Not really because of anything he's really done. Since coming back into the spotlight and signing with the Eagles, Vick has mostly said things like "I'm really happy to be here" and "I just appreciate the organization giving me a second chance." All the stuff you'd expect someone in his position to say. Has he reformed? Would he do it again if no one was watching? You got me. No one could tell you that from a press conference, where the only important instruction you could give the man would be "look penitent." But Tony Dungy, who is both a faithful Christian and as good a man as exists in professional sports, has thrown his support behind him and guaranteed his redemption. That's good enough for me.
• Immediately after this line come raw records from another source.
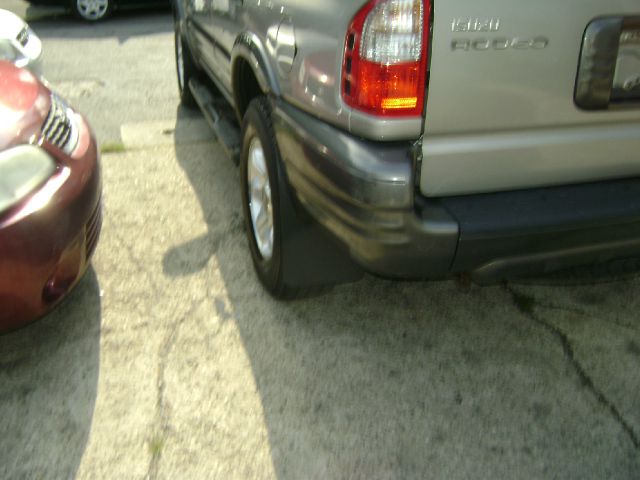 Isuzu Rodeo 2004 photo 2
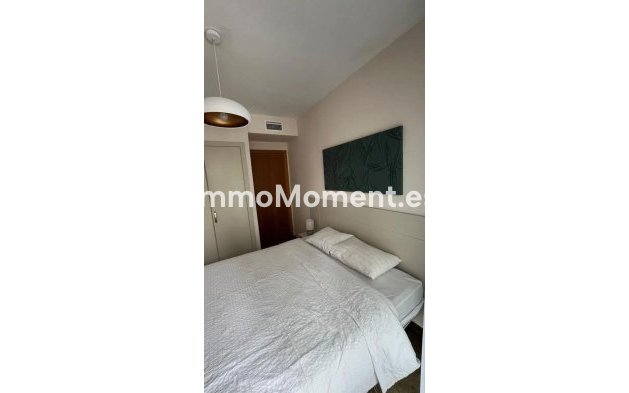 Resale - Apartment - Estepona - Selwo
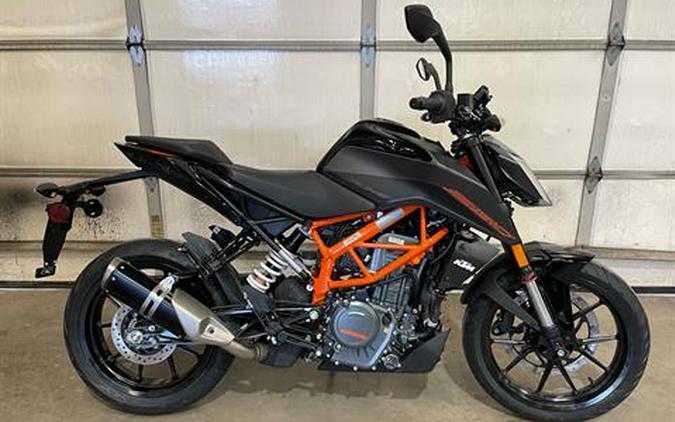 2023 KTM 390 Duke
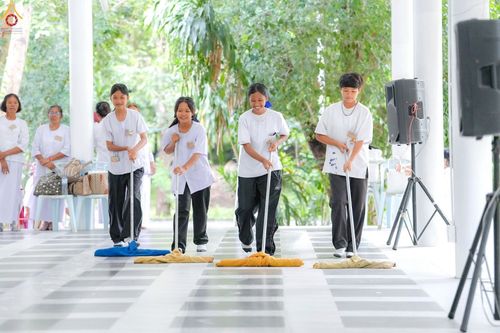 ภาพ No.247835:วันที่ 19-21 กันยายน พ.ศ. 2568 โครงการอบรมอุบาสิกาแก้ว รุ่นที่ 2 ณ ศูนย์ปฏิบัติธรรมจังหวัดบุรีรัมย์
But maybe that's not good enough for you, maybe you feel that someone like Vick is unsalvageable, that he should never be allowed to play professional football again. Maybe there are certain crimes you believe offer no second chances. I understand that. After all, no matter how hard the press hammers Vick, he is not the victim here. The decisions he made brought him to this point - if his young career was cut down, he was the one who did it. He was the one who lost his money - nearly 130 million dollars - so quickly that a vast majority of both this contract and the next one will go to paying off bankruptcy courts. No one did this to Vick. He did this to himself.
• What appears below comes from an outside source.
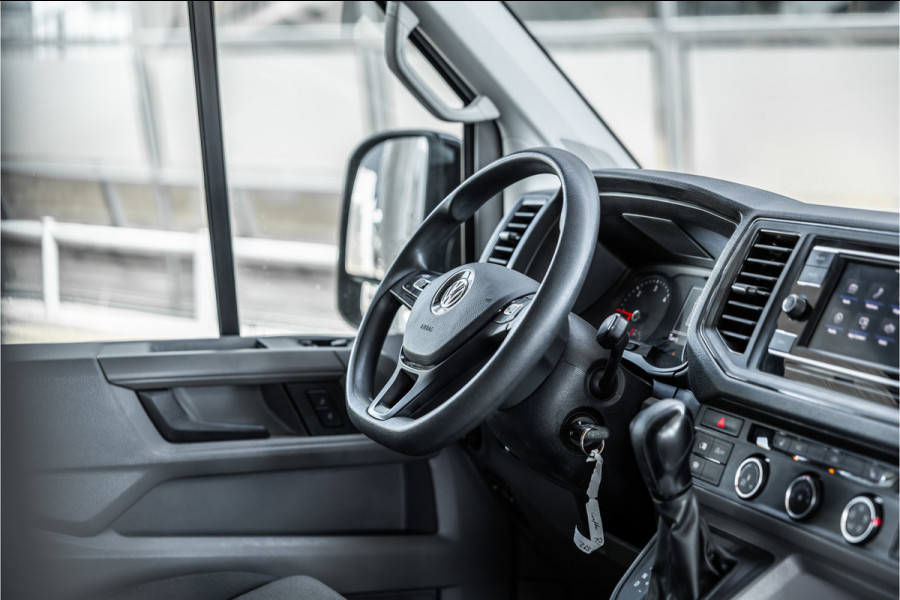Volkswagen Crafter 2.0 TDI L3H2 | Automaat | CarPlay | Camera | Betimmering | MF Stuur | Cruise control | Stoelverwarming | Nieuwe APK | Dealer onderhouden | BPM Vrij | Euro 6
But I believe that, if they truly want it, everyone deserves a second chance, and then a third chance, and fourth chance, and infinite chances out after that. And if you think that such things are just empty rhetoric by people who want to watch Vick play football again, then you need to read this story:
Naturally, with every article being written about the Vick signing, reporters have needed a reaction from animal advocates, and assumably the phones at the National Humane Society and PETA have been ringing off the hook. The organizations are asked for their response to the signing, to Vick's press conference, to him returning to practice, to him returning to the playing field. Their responses have been a study in the way that two similar organizations do business with two dramatically different philosophies about life.
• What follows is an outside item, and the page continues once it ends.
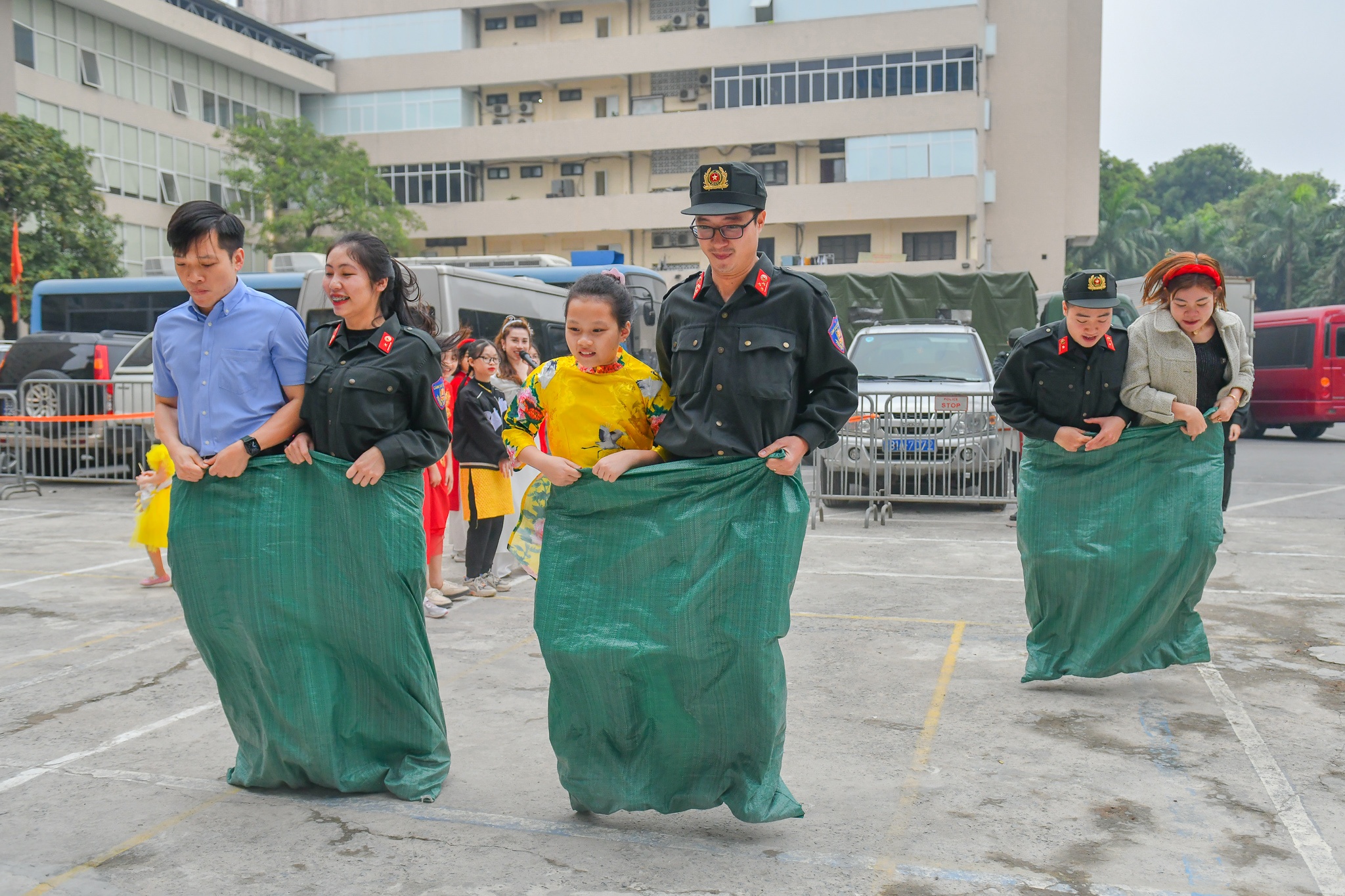 CSCD goi banh chung anh 6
The LA Times recently did a piece on Vick's attempt at redemption. Several months ago, while still in prison, Michael Vick reached out to the president of the Humane Society, Wayne Pacelle. After a long period of inner turmoil, Pacelle finally flew out to Kansas to talk to Vick. There was no forgiveness in his heart - the Humane Society had engineered most of the laws that Vick was prosecuted under, and they were the ones who tipped the cops off about Vick's dogfighting ring in the first place. The person Vick had asked to speak to was the man who had in a sense orchestrated his downfall. But Pacelle realized that causing Michael Vick's demise was not really his final goal: "We're devoted to ending dogfighting, not endlessly flogging Michael Vick. We are about not just ending cruelty, but also making people better... This can be about turning adversaries into allies."
When Pacelle and Vick met, they talked about how Vick got there in the first place. Vick talked about growing up in a rough Virginian community which, as the Times put it, "ironically and sadly, tolerated treating dogs the way slaves had been treated." He talked about how he started dogfighting when he was 8 and didn't stop until his arrest. And he said, for the first of many times, that he wanted to be a part of the solution and not the problem.
Pacelle made sure Vick was really on board, that he wasn't just in it for a little bit of good press before disappearing. Then he welcomed him into the organization. Upon Vick's release, he and Vick started touring the country, giving speeches to kids in areas like Atlanta and Chicago where underground dogfighting is sadly a dominant part of the culture. And Vick spoke honestly about the mistakes he made and how nobody should look up to him and follow his example. Sometimes he'd start crying when he talked about it.
The Humane Society estimates that they've lost more than 1,000 members since Vick joined the organization, but Pacelle is unwavering in his support. He points out that the Humane Society is by and large a white, middle-class organization (which is not suprising, certainly), and they've never had someone like Michael Vick to be a spokesperson for them. They've never had someone who could speak to minority communities, speak to the poor. They've never had someone who could reach into some of the darker places where people needed to hear their message the most.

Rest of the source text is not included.